Okay, I'm kind of new to this forum, so I'm not sure where this goes. But I have a few questions to native Shanghai-nese speakers who know a lot of those cute and funny phrases in Shanghainese that are unique to that language and not found in any other dialect. For example, when you want to say "to fire somebody; to dismiss" in Mandarin, it's just "解雇"(jie3 gu4). However, my parents usually say something along the lines of 炒由鱼 in Shanghainese or something similar to that. It would be nice if somebody could teach me where and how sayings like these originate from. I'm really curious about these idiom-like phrases, and it would be nice if I could share it with my Chinese classmates at my high school, since nobody there seems to even know what Shanghainese is.

Thanks in advance if you could help this busy little non-grown up high schooler! :D

Posted

Sorry I can't help you with the Shanghainese phrases, but I was interested to see how your parents say 'to fire somebody': in Cantonese it is 炒魷魚. A brief explanation of that saying can be found here :)

Posted

I'm not a native speaker, but my grandfather is. He always likes to say 冲头/斩冲头. Can't explain what exactly it means, maybe you can ask your parents? :P

Posted

Alright, I'm not sure myself either. I shall ask him when I see him next time. Another one I can remember is 吃生活, which apparently is a very common saying.

  • 2 months later...
Posted

I'm a semi-native speaker. (Competent speaker of Shanghainese, just not completely fluent.
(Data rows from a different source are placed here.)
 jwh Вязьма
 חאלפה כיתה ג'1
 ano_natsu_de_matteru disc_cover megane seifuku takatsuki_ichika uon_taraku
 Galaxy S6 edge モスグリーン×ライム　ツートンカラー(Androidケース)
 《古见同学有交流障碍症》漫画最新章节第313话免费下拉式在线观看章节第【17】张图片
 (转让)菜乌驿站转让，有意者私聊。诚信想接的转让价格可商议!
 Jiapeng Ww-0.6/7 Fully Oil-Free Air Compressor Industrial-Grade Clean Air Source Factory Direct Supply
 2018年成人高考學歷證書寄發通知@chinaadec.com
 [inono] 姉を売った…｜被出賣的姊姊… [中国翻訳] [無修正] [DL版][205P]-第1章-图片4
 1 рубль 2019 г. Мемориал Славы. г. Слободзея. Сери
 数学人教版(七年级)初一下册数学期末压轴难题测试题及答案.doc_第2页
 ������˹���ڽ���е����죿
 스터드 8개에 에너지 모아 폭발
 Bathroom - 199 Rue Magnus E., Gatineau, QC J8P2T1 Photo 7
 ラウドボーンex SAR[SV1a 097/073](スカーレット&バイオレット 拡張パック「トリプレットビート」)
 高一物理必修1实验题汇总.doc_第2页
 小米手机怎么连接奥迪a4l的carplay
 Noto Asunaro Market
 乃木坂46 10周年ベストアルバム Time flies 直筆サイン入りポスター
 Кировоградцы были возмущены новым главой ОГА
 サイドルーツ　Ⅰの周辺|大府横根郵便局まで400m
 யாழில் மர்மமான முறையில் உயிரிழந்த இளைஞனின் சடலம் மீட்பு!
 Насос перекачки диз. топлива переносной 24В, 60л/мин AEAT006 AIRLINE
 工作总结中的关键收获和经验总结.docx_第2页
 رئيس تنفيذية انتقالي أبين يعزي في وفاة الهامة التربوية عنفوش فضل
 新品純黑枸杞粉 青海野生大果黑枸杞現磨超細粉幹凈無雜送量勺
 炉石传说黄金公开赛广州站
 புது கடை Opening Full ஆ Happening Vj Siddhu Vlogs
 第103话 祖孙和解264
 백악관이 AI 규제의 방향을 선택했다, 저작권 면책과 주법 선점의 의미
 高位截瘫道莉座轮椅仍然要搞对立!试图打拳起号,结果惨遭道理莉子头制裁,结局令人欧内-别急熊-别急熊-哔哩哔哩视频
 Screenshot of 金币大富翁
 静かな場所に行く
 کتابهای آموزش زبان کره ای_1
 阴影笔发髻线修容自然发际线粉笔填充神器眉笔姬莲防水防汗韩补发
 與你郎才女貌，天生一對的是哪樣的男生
Born to Shanghainese parents in the US)

Those aren't idioms, they're slang expressions.

炒魷魚 and 斩葱头 are both used in Shanghainese to mean 'getting fired' or something like that.

吃生活 actually means to punish somebody or to beat someone up. 吃耳光 chiq nyi kuaon means to slap someone in the face (It wasn't written like that, 光 is a result of a Shanghainese erhua event, so it's more like 吃耳括兒.)

http://www.shanghaidialect.com/slangs/htm/search.aspx A lot of words there aren't slang expressions however.

Idioms typically have 4 characters and are quite complex.